I would, however, be interested in asking the Minister a specific question arising from what was said about this issue: will the move to His Majesty’s Revenue and Customs using household-level information from 2026 enable the Government to introduce transferrable tax allowances and end the discrimination in the tax system against married couples? That would be an even bigger benefit of introducing household-level information and from taxing people on that basis. I hope that that will be one of the great spin-offs from this initiative, and I would be grateful if the Minister could respond to that point when he winds up.
I welcome the increase in the VAT threshold from £85,000 to £90,000. However, that is a pretty meagre 6% increase after seven years in which the threshold was frozen, and I would like to see it go even higher. I also welcome the Great British ISA, but why is it limited to £5,000?
Last night we had an amazing gathering in the Guildhall in London—I do not know whether any of my hon. Friends on the Front Bench were there. It was a celebration of the 50th anniversary of the Centre for Policy Studies, and it was a great occasion. It celebrated the work that Keith Joseph, Margaret Thatcher and Alfred Sherman did 50 years ago in setting up what has been the most successful Conservative think-tank of all time. I have to say, however, that there was universal disappointment in the audience that the overall tax burden has not peaked and that the Budget statement confirmed that it will rise even further in each of the next four years and beyond, despite the fact that we already have the highest tax burden ever. There seems to be no explanation as to why the Conservative Government are still pursuing that policy of increasing the tax burden.

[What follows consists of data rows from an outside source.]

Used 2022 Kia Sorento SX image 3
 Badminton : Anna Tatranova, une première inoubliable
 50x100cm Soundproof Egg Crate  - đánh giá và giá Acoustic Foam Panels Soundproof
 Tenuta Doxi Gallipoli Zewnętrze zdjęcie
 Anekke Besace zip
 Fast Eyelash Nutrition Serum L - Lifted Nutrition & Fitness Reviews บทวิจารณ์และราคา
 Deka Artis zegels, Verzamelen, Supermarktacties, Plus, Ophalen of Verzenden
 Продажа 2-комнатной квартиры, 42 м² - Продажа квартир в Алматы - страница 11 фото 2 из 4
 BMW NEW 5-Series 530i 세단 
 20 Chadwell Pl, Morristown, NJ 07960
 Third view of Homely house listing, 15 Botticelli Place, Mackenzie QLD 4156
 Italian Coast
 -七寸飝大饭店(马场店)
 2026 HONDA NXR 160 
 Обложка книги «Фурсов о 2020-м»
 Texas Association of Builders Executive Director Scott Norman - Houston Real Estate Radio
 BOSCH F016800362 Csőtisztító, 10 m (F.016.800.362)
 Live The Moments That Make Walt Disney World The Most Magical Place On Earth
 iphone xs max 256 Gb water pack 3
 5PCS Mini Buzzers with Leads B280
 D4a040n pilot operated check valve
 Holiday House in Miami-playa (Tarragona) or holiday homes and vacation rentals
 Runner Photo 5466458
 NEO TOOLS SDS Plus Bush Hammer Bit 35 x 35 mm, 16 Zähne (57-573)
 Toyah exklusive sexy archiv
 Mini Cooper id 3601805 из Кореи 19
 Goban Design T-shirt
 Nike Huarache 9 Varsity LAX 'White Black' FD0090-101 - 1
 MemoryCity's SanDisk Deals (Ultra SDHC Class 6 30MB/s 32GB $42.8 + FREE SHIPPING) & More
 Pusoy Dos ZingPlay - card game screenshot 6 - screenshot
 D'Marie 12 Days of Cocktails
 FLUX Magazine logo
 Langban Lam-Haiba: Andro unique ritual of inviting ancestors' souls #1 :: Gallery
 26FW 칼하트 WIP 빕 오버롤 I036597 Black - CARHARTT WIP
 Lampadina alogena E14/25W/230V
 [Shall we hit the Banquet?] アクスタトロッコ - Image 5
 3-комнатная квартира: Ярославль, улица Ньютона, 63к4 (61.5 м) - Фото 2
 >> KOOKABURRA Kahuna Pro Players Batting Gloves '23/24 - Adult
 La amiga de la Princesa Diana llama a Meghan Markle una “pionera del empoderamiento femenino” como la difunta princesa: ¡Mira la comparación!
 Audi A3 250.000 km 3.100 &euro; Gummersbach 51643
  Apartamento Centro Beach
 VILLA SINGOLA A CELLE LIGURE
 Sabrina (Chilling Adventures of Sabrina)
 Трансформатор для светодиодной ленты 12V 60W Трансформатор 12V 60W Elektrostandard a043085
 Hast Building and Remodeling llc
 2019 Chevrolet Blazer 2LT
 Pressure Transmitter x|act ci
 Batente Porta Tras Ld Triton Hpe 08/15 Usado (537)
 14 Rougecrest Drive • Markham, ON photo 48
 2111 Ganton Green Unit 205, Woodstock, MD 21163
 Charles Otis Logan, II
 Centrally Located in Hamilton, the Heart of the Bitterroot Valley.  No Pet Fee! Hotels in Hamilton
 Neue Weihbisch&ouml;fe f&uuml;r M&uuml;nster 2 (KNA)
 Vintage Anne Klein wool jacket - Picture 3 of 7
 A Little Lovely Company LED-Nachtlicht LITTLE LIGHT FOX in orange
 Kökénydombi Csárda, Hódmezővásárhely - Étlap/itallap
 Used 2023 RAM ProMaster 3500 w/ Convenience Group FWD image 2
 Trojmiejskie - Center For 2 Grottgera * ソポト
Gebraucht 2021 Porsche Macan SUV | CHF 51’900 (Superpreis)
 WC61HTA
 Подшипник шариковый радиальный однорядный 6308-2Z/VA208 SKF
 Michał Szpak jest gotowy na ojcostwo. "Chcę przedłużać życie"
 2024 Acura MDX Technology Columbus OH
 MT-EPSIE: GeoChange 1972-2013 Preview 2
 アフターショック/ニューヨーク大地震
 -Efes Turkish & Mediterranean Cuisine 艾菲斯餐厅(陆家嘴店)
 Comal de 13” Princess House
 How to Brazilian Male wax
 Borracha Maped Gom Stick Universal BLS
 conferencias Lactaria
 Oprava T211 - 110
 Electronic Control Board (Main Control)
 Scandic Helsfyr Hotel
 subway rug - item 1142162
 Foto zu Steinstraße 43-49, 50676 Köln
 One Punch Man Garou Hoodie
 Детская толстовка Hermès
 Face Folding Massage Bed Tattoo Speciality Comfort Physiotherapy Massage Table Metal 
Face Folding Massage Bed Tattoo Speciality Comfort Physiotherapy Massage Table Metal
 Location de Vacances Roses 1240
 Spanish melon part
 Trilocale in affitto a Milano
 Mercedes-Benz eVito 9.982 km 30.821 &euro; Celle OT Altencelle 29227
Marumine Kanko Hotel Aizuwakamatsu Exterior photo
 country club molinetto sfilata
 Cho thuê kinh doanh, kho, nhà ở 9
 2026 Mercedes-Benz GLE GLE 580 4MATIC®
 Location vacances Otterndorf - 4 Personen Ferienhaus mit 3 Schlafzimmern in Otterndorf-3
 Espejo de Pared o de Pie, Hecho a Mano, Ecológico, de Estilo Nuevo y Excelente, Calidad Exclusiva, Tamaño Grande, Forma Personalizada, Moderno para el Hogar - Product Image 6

As ever, the Prime Minister spoke eloquently, echoing the philosophy and founding principles of the Centre for Policy Studies. He spoke of the small state, the need for low taxes, and promoting enterprise and supply-side reforms. Indeed, his rhetoric chimed with the Chancellor’s own Budget statements, and I will quote three of them. The first was:
“Conservatives know that lower tax means higher growth.”—[Official Report, 6 March 2024; Vol. 746, c. 837.]
The second was:
“Keeping taxes down matters to Conservatives”.
The third was that
“lower-taxed economies have more energy, more dynamism and more innovation.”—[Official Report, 6 March 2024; Vol. 746, c. 848.]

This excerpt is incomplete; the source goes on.